What is part of this story is what I see happening now. In this country of mine that I chose as proudly as I believed it chose me and my family of gay, multi-racial, Muslim, atheist human beings; doctors, nurses, therapists – all caregivers whom this country has given much to and to whom we have also gifted ourselves. Yes, fortunate enough to have come in through the front door knowing only too well what it feels like to be made to stand at the back. Dreams aren’t just languid states between something and nothing. Dreams are the steps taken between hope and actualization, desire and achievement. They are a reflection of a single –minded belief that life can be better than this, not for one person or that person but for every person. They are equalizers and purveyors of opportunity; they are in great part what this country was made of. Not because it is the greatest country in the world but because it seeks to be bigger than that. It is from our First Amendment that all the others fall: the freedom to be, and say, and do, that which does not infringe upon the rights of others to also be and say and do. We seem to have lost this mission to the fear and the noise. The noise a discordant birdsong captured in early morning tweets designed to pre-empt all other sounds with a cock of the head to establish the pecking order.
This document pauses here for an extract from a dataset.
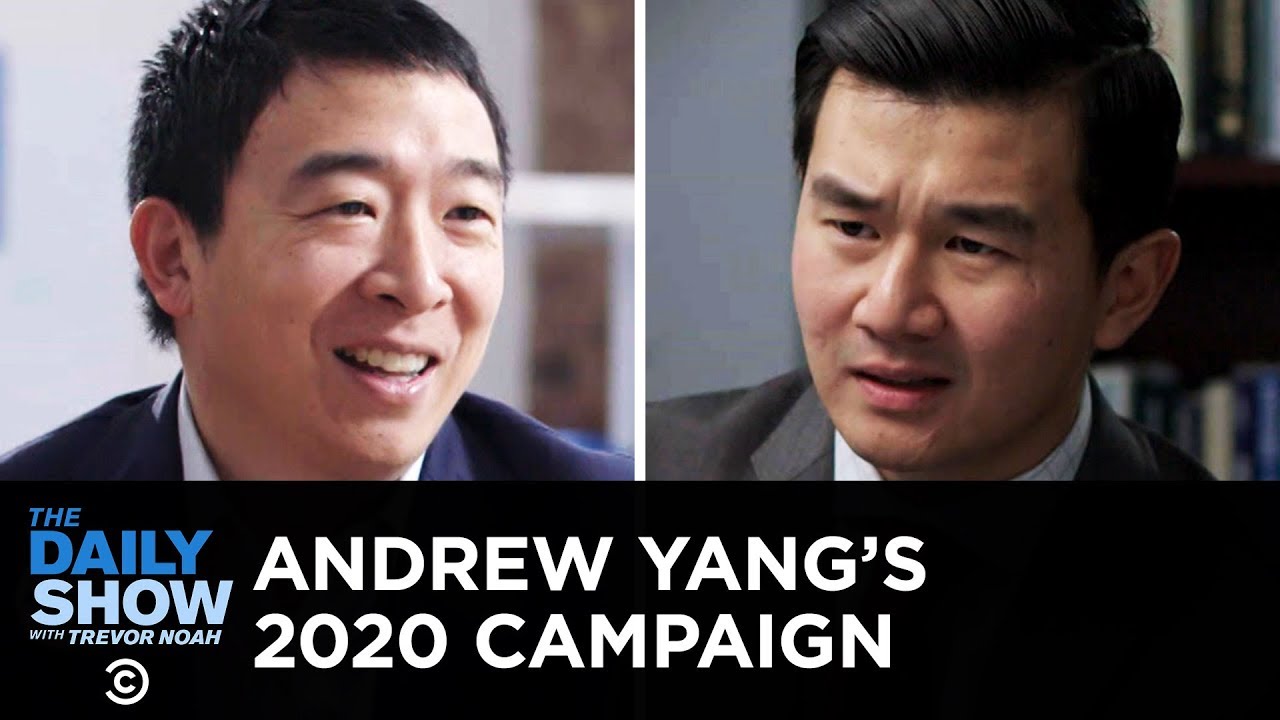 Analysis | Power Up: Andrew Yang is still standing. That's how ...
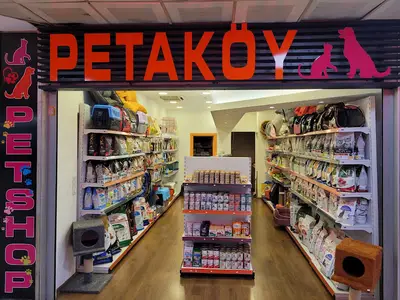 Petaköy Atrium Pet Shop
Are we to be swayed by the plume, the feathers and the gilt, the epic dance between the fake and the more fake? Are we to believe the trickery as good magic made by wizards of wonder and the sorcerer’s apprentices? Illusions are not dreams they are misconceptions at best and deceptions at worst. They are intended to misguide and take us in the wrong direction. They fool us into seeing what isn’t there and tempt us to consider that there is substance to the figment of imagination that is driving us toward peril. Illusions are for art they have no place in the concrete, three dimensional spaces upon which we all stand, upon which this country spread its eagle wings. Who amongst us will be the one to shatter this man’s precarious illusions and bring back reality to that egg-shaped office he occupies in the White House?